In some sense the counterpart to the previous point (which basically aimed at removing holes that only experienced players would know and (ab)use): what kind of areas do we need? I would guess something for level 5-15 characters to make coin. Are there other niches that need to be filled?
- Where to put the effort (and the players)?
We currently have roughly 3 or 4 parts in FK. Waterdeep-Silverymoon-Golden Oak-Shadowdale, the "Good"; Zhentil Keep - Westgate, the "Evil"; Skull Port; and Menzo. As far as I know, the Good have nearly all the areas (including shops, trainers, quests, ...) they need. This might not be the case for the other three parts. Now, should we spread the (currently very limited) building efforts between all those parts, or should we concentrate on some parts and perhaps give up on others (for now), either for lack of building resources, or for lack of players, or for both? Plus a similar question from an imm resource point of view (create roleplays for all four parts or concentrate on some of them only).
There's also the city of Ched Nasad which has a lot of opportunities for evil players, especially Drow and Half-Drow, the Orc Camp which is a major center for the monstrous races and should possibly grow to give all of them more opportunities, and there are more areas on the drawing board as well, it's just a matter of getting them in the game in some cases. It would be extremely simple to come up with a few thousand rooms of a sort of "Underdark Wilderness" which could connect a lot of these disparate places in much the same way that the wilderness of the surface with only a few different room descs and a few different monsters to throw some danger in there connects the surface. I know I, and probably many others, would be more than willing to work on getting a few thousand rooms in if it would make it easier for us all to play our characters.
I'm not suggesting the Underdark be a cakewalk, but it should be relatively simple to let people know that there are dangerous areas of it and simpler areas, the paths between cities which are plied by merchants should be relatively safe. So like a surfacer lowbie, I might walk far around on plains and roads for the safety of my trip rather than take the short cut across the mountains and fight giants, we could arrange for something similar below ground, taking well-defined "merchant paths" that stretch far and wide rather than running through the real Underdark wilderness. Allow for players of evil characters both above and below the surface to have access to one another, to join together in RP and the like and you'll see a big flowering of evil RP.
The Underdark is a big part of the Forgotten Realms, and it's easily the most popular of the climate/culture areas in that setting.
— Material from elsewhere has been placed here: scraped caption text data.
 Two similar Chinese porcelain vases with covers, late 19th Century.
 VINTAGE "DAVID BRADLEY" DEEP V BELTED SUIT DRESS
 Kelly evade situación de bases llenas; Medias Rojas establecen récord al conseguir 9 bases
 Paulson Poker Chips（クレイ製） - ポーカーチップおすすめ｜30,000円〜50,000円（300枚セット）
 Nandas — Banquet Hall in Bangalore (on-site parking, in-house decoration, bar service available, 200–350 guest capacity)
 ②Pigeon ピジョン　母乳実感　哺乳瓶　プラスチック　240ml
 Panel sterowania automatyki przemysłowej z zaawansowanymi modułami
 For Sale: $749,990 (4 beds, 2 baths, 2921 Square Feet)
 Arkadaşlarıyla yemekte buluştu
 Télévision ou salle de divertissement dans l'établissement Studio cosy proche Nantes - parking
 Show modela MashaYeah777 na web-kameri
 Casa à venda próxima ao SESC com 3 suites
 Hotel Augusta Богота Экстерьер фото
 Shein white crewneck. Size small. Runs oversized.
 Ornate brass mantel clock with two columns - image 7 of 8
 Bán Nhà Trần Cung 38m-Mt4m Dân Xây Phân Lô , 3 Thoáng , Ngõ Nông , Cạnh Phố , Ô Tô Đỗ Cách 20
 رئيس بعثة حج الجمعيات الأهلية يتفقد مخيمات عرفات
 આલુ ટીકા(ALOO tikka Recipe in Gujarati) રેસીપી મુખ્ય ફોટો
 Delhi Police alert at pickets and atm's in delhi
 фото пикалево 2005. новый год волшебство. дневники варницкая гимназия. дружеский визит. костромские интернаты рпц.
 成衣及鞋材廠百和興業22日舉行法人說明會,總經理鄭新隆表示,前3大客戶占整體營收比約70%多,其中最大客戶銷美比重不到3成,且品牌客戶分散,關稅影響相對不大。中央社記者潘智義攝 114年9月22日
One need only look at the number of modules and supplementary books out about the Underdark and it's races and cities to see that this is the case. One never needs to wonder why more people visit surface cities than Skullport; as a Drow to get to Skullport, there was almost literally no way I could have made it there without someone (not a normal PC as there were none active when I was looking to get there) explaining the way to me, especially as someone who had never had a surface character and was unfamiliar with Undermountain. On the surface, most of the major cities are shown with roads on a map that's available on the website to which anyone has access, the reason for the disparity is obvious. A good newbie born up there has free reign of the surface along the roads to every city up there without fighting anything worse than a bandit, to all of the skills, quests and equipment there. Every evil city in contrast often needs to be an entire world to itself, even though that is definetely not the building philosophy of the game, no area can be a one stop shop, even a very large area.
I could probably say a lot more but I'll end it there and see what some other people think about it, it's certainly ripe for discussion and I'd like to hear what some of the evil people from the surface think about more interaction between evil cities above and below ground.